現在の生物学は進化論によって立つ部分が大きいだけに、聖書的(キリスト教原理主義的)見解との衝突が永らく避けがたかったのでしょう。世の生物学者の大方は、「神は不可知の領域にある」「宗教と科学はすみ分け可能」って言っときゃいいじゃん!とやり過ごしているはず。そこは喧嘩してもしゃーないでしょと。まあ、大人な態度ですな。
いっぽうドーキンス氏。さすが オックスフォード大学 "科学的精神普及のための寄付講座” 初代教授。※著者紹介文なんだから、講座名から"寄付"は省いてもよかったのでは・・・。真っ向勝負で宗教への科学的批判に挑みます。"考証"とは敢えて言いません。もっと苛烈なものなので。
弁護士のウェンディ・カミナーはかつて、宗教をからかうのは、米国在郷軍人会館のなかで国旗を燃やすのと同じほど危険であると述べたが、この言葉は現実をほんのわずかに誇張にしているに過ぎない。今日のアメリカにおける無神論者の社会的地位は、五〇年前の同性愛者の立場とほとんど同じである。
アメリカのほとんど信じがたい宗教的な風土については垂水雄二氏が「訳者あとがき」で上手くまとめてくれています。なお垂水氏は『利己的な遺伝子』の訳者でもあるので、とてもよく出来た日本語版になっています。原文読んでないくせに何故分かるんや!と。さーせん。

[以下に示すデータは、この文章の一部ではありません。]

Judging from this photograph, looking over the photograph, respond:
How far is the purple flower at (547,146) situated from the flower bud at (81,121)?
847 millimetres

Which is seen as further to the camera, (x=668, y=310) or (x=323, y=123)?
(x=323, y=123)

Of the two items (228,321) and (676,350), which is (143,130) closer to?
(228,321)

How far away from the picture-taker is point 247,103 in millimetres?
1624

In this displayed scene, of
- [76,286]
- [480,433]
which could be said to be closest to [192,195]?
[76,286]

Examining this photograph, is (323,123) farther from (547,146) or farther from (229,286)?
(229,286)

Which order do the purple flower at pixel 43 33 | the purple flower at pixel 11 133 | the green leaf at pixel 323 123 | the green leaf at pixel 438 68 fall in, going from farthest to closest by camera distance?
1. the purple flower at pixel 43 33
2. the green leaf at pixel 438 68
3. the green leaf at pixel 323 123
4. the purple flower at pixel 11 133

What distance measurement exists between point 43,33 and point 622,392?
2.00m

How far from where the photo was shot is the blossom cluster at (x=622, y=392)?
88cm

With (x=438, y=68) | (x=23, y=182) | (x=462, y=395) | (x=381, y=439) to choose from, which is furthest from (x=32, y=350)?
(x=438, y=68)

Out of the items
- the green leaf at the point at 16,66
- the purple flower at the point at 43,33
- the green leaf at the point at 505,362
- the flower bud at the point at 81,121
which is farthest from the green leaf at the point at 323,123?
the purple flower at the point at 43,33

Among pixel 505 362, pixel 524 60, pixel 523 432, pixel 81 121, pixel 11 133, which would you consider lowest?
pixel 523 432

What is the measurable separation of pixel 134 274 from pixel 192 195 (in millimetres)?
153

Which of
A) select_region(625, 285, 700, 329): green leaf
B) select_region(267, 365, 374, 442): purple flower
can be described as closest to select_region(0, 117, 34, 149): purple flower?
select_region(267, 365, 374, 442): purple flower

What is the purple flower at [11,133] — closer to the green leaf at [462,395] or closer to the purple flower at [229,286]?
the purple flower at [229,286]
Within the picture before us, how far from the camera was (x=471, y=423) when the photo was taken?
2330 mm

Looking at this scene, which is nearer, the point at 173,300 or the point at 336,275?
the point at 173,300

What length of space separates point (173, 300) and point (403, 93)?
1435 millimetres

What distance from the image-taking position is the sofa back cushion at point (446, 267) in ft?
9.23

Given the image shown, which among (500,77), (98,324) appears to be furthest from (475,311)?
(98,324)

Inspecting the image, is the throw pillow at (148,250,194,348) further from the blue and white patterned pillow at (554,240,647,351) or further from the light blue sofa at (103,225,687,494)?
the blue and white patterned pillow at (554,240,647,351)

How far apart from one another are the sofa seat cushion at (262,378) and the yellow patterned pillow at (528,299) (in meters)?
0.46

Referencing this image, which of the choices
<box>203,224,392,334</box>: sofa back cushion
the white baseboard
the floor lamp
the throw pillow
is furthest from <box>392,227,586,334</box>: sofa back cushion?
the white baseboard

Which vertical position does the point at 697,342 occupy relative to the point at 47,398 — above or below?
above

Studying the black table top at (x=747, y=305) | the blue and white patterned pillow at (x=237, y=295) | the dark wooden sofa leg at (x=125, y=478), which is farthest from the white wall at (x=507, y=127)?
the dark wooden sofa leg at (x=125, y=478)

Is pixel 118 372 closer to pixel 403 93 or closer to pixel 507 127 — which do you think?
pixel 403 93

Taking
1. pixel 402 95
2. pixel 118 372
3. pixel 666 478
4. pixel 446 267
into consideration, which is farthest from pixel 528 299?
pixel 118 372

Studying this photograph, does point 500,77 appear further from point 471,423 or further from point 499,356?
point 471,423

たとえば中絶医が原理主義者によって射殺されるとか、あらゆるチャンネルでテレビ伝道師が人気を得ているとか、医者にかかるのをやめて祈りで病気を治せと宣伝する牧師に反対するデモをしようとした人が警官に保護を求めたら反対に、そんなデモはつぶしてやると言われたとかの話
米国では公教育を拒否して、宗教学校で学ぶことが認められており、そこでは進化論を信じない子供たちが育てられている(おそるべきことに米国国民のなかで科学的な進化論を信じている人は、10%にも満たない)
テレビ伝道師が番組中で多額の寄付を公然と呼びかけ、大統領(ブッシュ/ジュニアは原理主義者を公言)の毎週月曜朝の相談役になり、創造論者、インテリジェント・デザイン論者が学校教育にまで介入してくるアメリカ社会。そこで論文ではなく一般大衆に向けた宗教批判を出版することのリスク。容易に想像がつきます。

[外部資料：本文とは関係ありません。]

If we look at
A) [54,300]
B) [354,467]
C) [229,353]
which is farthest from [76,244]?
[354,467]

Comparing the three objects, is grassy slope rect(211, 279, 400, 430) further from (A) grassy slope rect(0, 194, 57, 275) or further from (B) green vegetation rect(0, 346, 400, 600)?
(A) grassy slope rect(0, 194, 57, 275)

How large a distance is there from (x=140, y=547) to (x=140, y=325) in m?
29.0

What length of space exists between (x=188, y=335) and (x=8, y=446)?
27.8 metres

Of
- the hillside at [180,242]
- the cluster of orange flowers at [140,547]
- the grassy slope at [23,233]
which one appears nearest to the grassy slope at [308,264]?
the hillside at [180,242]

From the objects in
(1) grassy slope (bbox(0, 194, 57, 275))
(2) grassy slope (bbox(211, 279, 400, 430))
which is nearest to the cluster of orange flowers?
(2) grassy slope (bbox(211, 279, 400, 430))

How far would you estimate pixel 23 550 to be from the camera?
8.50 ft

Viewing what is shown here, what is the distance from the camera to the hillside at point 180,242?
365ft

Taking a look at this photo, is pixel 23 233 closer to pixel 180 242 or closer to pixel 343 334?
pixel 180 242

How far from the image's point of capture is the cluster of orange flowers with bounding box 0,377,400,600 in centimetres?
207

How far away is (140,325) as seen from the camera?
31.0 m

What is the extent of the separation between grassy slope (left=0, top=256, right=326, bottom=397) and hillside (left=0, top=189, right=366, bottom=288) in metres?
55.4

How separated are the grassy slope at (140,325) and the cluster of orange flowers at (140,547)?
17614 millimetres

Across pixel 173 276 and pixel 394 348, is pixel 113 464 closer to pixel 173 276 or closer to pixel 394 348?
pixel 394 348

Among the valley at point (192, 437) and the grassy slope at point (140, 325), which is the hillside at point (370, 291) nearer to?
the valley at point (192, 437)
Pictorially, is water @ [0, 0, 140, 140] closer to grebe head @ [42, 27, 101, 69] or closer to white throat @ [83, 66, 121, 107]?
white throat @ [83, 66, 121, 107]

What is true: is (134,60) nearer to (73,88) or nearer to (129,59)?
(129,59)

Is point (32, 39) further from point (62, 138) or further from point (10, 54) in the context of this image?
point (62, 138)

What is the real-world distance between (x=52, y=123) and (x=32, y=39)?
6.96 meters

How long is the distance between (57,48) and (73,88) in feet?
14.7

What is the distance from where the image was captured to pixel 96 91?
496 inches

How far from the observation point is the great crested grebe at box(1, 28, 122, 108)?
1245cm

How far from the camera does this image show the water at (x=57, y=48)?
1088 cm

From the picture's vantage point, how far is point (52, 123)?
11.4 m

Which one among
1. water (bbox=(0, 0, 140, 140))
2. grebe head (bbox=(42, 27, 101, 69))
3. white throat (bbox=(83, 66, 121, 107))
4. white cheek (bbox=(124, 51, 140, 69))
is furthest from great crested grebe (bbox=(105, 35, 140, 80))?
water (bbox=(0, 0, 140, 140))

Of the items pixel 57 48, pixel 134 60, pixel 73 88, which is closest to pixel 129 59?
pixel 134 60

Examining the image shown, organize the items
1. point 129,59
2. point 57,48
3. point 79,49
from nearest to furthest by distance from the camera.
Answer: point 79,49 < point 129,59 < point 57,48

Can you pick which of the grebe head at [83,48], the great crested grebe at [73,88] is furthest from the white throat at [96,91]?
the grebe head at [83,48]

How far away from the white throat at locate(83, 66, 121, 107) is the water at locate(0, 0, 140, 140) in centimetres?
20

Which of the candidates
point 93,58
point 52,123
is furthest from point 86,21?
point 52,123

古くは十字軍から魔女裁判、9・11やヨーロッパ各地のテロと、その報復としての軍事介入に至るまで、宗教上の正当性を謳い始めた時に、人が最も残虐になれるのは何故なのか?
宗教に染まった世界を実害のあるものとして、ドーキンス氏は激しく徹底的に批判します。これも「訳者あとがき」から。
哲学的・科学的・聖書解釈的・社会的、その他あらゆる側面から、神を信じるべき根拠をつぶしていき、どこにも逃げ場を与えない。
なんか訳者に頼ってばかりですが、中身が重厚過ぎてバシッと要約しにくいのですよ。新年から力不足を痛感させられるなー。
ざっくり言うと、本書前半(4章まで)が「神は存在しないこと」への科学的検証、後半が「なぜあらゆる時代と地域における人間集団が全て宗教を持つのか」についての社会人類学的な考察 となっています。おそらく。あってます?
前者はインテリジェント・デザイン論に対抗すべく進化論と宇宙物理学が、後者は道徳的根拠としての宗教必須論に対して道徳哲学、社会学、教育学的な論証がそれぞれ武器に使われます。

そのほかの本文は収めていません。